- _Exercise brief_:
In the listing below, print exactly the lines between the line holding "Welcome to H2K" and the line holding "So you sit down", inclusive, and no more.

- _Records for this task_:
________________________________________

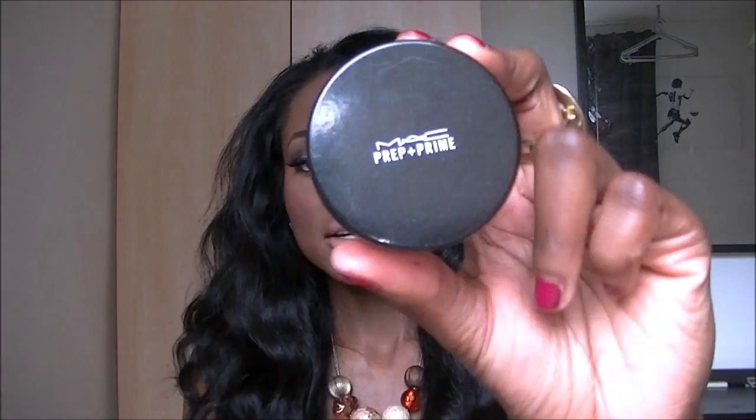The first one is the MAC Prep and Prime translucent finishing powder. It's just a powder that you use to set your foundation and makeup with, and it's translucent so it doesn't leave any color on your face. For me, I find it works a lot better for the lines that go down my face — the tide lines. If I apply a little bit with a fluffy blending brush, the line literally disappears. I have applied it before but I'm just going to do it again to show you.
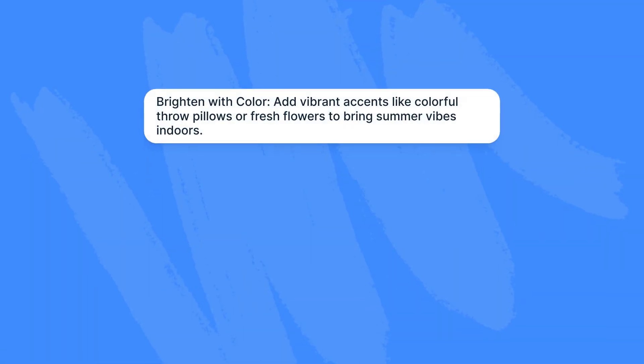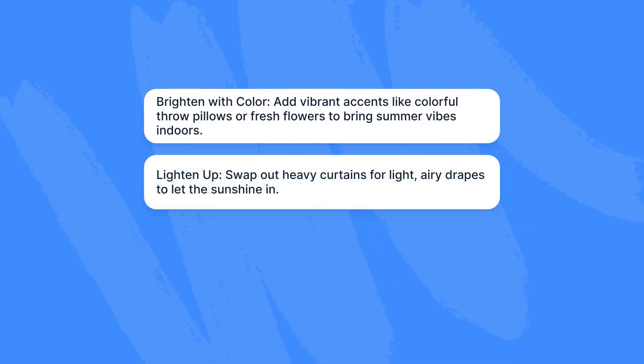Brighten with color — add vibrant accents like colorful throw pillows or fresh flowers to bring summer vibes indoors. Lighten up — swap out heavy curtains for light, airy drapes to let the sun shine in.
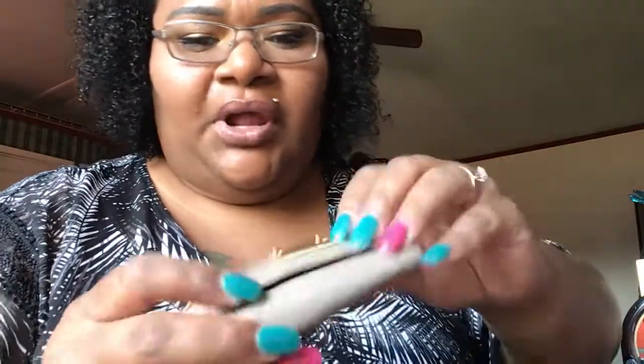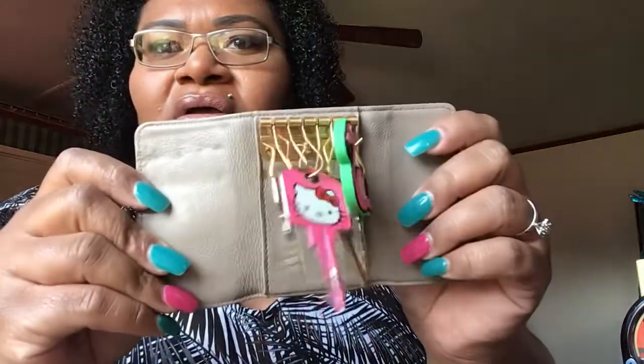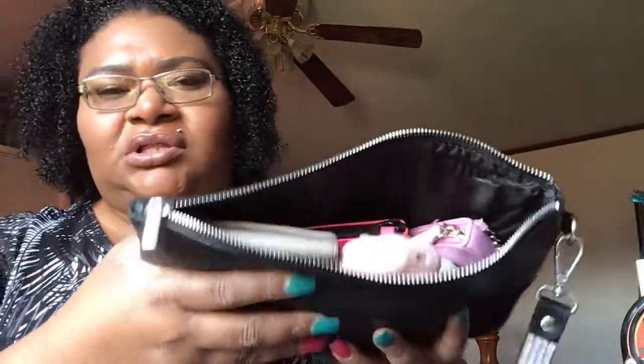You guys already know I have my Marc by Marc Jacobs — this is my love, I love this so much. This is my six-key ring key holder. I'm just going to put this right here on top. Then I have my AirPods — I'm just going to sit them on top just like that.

________________________________________

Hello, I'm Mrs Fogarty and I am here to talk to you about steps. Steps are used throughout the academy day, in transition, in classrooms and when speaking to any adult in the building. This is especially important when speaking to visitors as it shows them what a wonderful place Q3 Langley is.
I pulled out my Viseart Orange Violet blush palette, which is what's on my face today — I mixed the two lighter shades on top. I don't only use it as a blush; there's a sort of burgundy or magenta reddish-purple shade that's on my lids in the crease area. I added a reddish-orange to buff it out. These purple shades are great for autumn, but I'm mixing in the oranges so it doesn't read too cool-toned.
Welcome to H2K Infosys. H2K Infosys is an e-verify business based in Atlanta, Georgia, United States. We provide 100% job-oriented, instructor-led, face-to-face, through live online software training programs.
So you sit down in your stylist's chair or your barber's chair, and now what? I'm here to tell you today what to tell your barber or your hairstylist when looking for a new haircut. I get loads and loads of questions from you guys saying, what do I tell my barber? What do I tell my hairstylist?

________________________________________

- _Result below_:
Welcome to H2K Infosys. H2K Infosys is an e-verify business based in Atlanta, Georgia, United States. We provide 100% job-oriented, instructor-led, face-to-face, through live online software training programs.
So you sit down in your stylist's chair or your barber's chair, and now what? I'm here to tell you today what to tell your barber or your hairstylist when looking for a new haircut. I get loads and loads of questions from you guys saying, what do I tell my barber? What do I tell my hairstylist?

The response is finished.